In a draft with quick twitch athletes like Scoot, Cam, and the Thompsons, Sensabaugh’s game burns slow. The Orlando native will lull you to sleep and control each possession with a mature barrage of skill not often found in college freshmen. His game doesn’t slap you in the face the same way the more athletic potential-based prospects may. Like a fine wine, though, the longer you sit with his tape, the more complexities you’ll notice.
Sensabaugh makes you play at his pace. He has a nuanced understanding of where his spots are on the floor, and he makes decisive decisions to get to them.
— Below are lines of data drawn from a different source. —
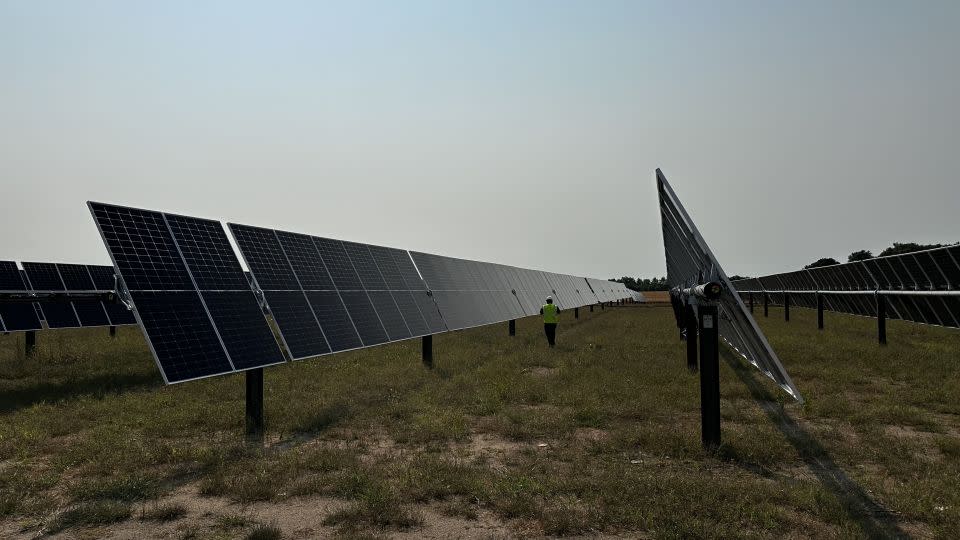 Solar panels sit on acres of old farmland in Becker, Minnesota — part of Xcel Energy's massive Sherco solar project. - Julian Quinones, CNN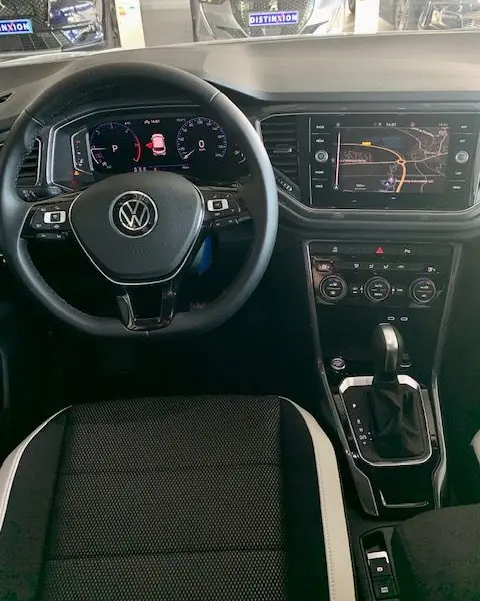 Vue intérieure du Volkswagen T-Roc 2021 montrant le volant noir, tableau de bord digital et écran central avec navigation.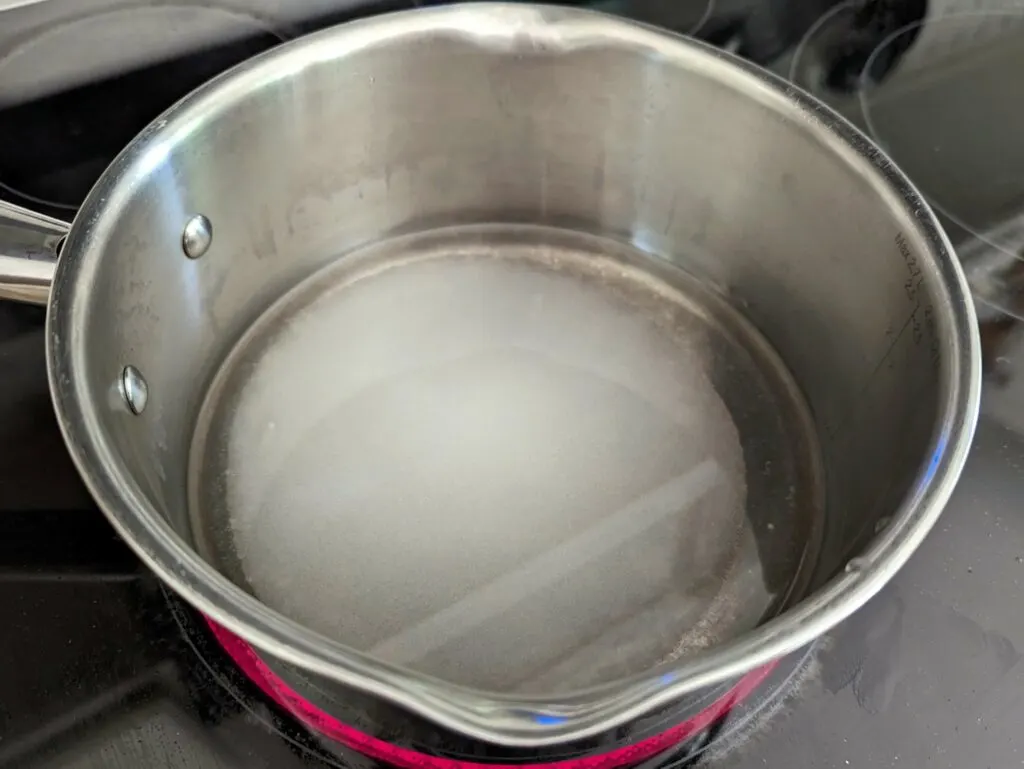Water and sugar in a saucepan.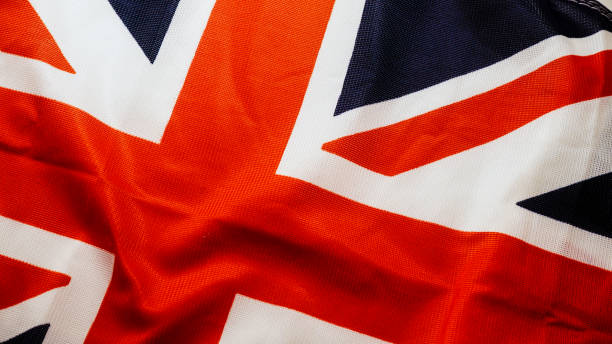 istock United Kingdom, british UK flag background 1150787801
Sensabaugh is an old-school hooper with a modern twist. He loves operating out of the midrange and post. These shot types may be atypical for modern scorers but Sensabaugh offers a rare level of skill in these areas that make it seem like he received a letter in the mail the week prior to his eleventh birthday from Headmaster DeMar DeRozan to attend the School of Midrange Craft and Wizardry.
The word midrange may appear in the dark arts lexicon in 2023, but Sensabaugh’s level of efficiency and the versatility in which he scores there is hard to ignore. Sensabuagh’s big body frame allows him to get to his spot, back you down, put his shoulder in your chest, and then use finesse and footwork to get you off tilt and create space for easy money looks.
These fall-away middies may appear to be tough shots to the naked eye, but Sensabaugh is a tough shot maker. The thing with tough shot-making for legit scorers is that it is often an illusion of sorts. Shots that appear tough on the surface are right in Sensabuagh’s comfort zone. The footwork is almost choreographed in that each counter is top of mind based on each decision the defender makes. You want to push the ball baseline, he’ll just turn over his right shoulder and get right into a short jumper. At that point, the hand in the face is almost inconsequential. This is where the bread is buttered. Sensabaugh ranks in the 95th percentile on short to 17-foot jumpers and scores .36 points per possession above expectation per Synergy’s shot-making data.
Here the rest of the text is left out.